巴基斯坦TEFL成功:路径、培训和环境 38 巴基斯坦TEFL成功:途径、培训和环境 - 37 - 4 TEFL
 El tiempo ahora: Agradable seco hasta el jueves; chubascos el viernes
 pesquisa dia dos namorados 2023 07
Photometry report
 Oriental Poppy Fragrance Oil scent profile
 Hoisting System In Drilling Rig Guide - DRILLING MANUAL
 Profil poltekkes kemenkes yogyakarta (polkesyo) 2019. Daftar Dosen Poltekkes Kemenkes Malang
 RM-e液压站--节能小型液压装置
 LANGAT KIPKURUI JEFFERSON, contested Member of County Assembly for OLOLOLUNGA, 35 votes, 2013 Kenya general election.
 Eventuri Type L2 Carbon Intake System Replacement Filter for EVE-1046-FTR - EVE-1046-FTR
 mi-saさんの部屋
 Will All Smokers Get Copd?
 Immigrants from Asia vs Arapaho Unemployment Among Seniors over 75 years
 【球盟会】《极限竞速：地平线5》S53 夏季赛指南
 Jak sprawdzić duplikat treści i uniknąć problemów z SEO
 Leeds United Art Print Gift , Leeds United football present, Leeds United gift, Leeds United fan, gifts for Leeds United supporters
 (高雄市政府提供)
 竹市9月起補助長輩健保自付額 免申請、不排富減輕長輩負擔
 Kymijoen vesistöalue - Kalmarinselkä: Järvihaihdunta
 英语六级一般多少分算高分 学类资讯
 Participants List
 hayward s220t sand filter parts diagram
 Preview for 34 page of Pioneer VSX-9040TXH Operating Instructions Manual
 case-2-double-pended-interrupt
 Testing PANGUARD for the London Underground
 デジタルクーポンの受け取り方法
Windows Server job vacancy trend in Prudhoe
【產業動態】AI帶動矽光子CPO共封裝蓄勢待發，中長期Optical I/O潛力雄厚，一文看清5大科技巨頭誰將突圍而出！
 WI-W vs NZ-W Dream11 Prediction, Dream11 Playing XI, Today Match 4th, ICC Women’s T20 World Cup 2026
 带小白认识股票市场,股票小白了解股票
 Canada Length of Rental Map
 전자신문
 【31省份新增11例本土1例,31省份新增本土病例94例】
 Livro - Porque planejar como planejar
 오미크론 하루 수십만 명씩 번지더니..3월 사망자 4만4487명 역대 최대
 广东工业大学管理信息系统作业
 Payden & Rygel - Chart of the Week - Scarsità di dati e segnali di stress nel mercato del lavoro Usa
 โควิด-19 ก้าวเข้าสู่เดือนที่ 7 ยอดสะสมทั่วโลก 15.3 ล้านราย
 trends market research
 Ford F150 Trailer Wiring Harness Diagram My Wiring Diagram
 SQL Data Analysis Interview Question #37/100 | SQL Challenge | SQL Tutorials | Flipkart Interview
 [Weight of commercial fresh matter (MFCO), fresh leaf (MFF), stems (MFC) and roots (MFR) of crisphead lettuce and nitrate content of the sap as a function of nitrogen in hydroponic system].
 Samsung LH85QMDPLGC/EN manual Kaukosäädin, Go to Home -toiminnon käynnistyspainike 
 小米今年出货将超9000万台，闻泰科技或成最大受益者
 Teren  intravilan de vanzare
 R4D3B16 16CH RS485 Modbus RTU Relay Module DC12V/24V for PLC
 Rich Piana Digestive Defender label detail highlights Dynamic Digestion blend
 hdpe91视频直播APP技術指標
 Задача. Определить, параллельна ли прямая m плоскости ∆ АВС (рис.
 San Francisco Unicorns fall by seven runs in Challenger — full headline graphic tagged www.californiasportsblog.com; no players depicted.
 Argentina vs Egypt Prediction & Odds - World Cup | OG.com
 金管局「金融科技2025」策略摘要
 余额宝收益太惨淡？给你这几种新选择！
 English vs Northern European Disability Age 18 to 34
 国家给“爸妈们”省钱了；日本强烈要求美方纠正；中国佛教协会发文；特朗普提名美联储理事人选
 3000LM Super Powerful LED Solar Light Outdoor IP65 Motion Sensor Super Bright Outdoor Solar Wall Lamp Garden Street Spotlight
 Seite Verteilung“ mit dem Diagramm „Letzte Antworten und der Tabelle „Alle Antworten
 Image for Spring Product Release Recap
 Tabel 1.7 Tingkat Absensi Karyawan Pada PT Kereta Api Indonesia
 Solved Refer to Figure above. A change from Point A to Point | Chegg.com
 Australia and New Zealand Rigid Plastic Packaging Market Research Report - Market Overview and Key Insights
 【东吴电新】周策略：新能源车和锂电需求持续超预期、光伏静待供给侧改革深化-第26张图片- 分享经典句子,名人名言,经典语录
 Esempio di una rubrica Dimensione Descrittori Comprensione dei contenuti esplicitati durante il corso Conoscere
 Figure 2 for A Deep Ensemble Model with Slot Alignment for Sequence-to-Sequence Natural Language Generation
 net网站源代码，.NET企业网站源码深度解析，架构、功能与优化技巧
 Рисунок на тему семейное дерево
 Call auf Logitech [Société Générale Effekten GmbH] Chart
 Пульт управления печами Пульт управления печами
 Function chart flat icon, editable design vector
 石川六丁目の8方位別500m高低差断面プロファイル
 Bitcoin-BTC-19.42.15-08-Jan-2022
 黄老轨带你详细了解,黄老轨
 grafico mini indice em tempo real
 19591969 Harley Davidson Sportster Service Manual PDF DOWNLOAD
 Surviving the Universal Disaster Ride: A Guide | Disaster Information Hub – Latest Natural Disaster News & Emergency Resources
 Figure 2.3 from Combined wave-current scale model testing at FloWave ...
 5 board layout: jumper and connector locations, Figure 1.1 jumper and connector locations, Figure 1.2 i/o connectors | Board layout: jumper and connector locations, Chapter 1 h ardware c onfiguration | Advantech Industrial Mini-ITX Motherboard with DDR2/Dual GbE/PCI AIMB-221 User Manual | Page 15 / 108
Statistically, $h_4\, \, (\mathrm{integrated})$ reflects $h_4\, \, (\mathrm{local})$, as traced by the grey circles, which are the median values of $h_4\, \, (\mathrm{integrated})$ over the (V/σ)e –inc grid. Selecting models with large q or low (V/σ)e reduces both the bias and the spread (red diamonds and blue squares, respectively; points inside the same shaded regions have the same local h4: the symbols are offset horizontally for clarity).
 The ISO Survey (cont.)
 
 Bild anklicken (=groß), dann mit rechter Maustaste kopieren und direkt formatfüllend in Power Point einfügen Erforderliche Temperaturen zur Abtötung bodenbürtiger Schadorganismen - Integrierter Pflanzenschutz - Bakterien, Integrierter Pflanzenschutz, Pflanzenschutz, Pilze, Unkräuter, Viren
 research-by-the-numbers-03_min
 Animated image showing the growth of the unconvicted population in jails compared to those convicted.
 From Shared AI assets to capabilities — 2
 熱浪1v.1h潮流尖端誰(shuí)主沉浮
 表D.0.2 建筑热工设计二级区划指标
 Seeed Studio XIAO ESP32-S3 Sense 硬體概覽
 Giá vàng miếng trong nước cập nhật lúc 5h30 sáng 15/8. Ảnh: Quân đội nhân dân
------------------------------------------------------------
** WORK TO COMPLETE **
In the listing above, transcribe exactly everything from the line containing "Preview for 34" down to the line containing "3000LM Super Powerful", including both and nothing more.

** OUTPUT OF THE TASK **
 Preview for 34 page of Pioneer VSX-9040TXH Operating Instructions Manual
 case-2-double-pended-interrupt
 Testing PANGUARD for the London Underground
 デジタルクーポンの受け取り方法
Windows Server job vacancy trend in Prudhoe
【產業動態】AI帶動矽光子CPO共封裝蓄勢待發，中長期Optical I/O潛力雄厚，一文看清5大科技巨頭誰將突圍而出！
 WI-W vs NZ-W Dream11 Prediction, Dream11 Playing XI, Today Match 4th, ICC Women’s T20 World Cup 2026
 带小白认识股票市场,股票小白了解股票
 Canada Length of Rental Map
 전자신문
 【31省份新增11例本土1例,31省份新增本土病例94例】
 Livro - Porque planejar como planejar
 오미크론 하루 수십만 명씩 번지더니..3월 사망자 4만4487명 역대 최대
 广东工业大学管理信息系统作业
 Payden & Rygel - Chart of the Week - Scarsità di dati e segnali di stress nel mercato del lavoro Usa
 โควิด-19 ก้าวเข้าสู่เดือนที่ 7 ยอดสะสมทั่วโลก 15.3 ล้านราย
 trends market research
 Ford F150 Trailer Wiring Harness Diagram My Wiring Diagram
 SQL Data Analysis Interview Question #37/100 | SQL Challenge | SQL Tutorials | Flipkart Interview
 [Weight of commercial fresh matter (MFCO), fresh leaf (MFF), stems (MFC) and roots (MFR) of crisphead lettuce and nitrate content of the sap as a function of nitrogen in hydroponic system].
 Samsung LH85QMDPLGC/EN manual Kaukosäädin, Go to Home -toiminnon käynnistyspainike 
 小米今年出货将超9000万台，闻泰科技或成最大受益者
 Teren  intravilan de vanzare
 R4D3B16 16CH RS485 Modbus RTU Relay Module DC12V/24V for PLC
 Rich Piana Digestive Defender label detail highlights Dynamic Digestion blend
 hdpe91视频直播APP技術指標
 Задача. Определить, параллельна ли прямая m плоскости ∆ АВС (рис.
 San Francisco Unicorns fall by seven runs in Challenger — full headline graphic tagged www.californiasportsblog.com; no players depicted.
 Argentina vs Egypt Prediction & Odds - World Cup | OG.com
 金管局「金融科技2025」策略摘要
 余额宝收益太惨淡？给你这几种新选择！
 English vs Northern European Disability Age 18 to 34
 国家给“爸妈们”省钱了；日本强烈要求美方纠正；中国佛教协会发文；特朗普提名美联储理事人选
 3000LM Super Powerful LED Solar Light Outdoor IP65 Motion Sensor Super Bright Outdoor Solar Wall Lamp Garden Street Spotlight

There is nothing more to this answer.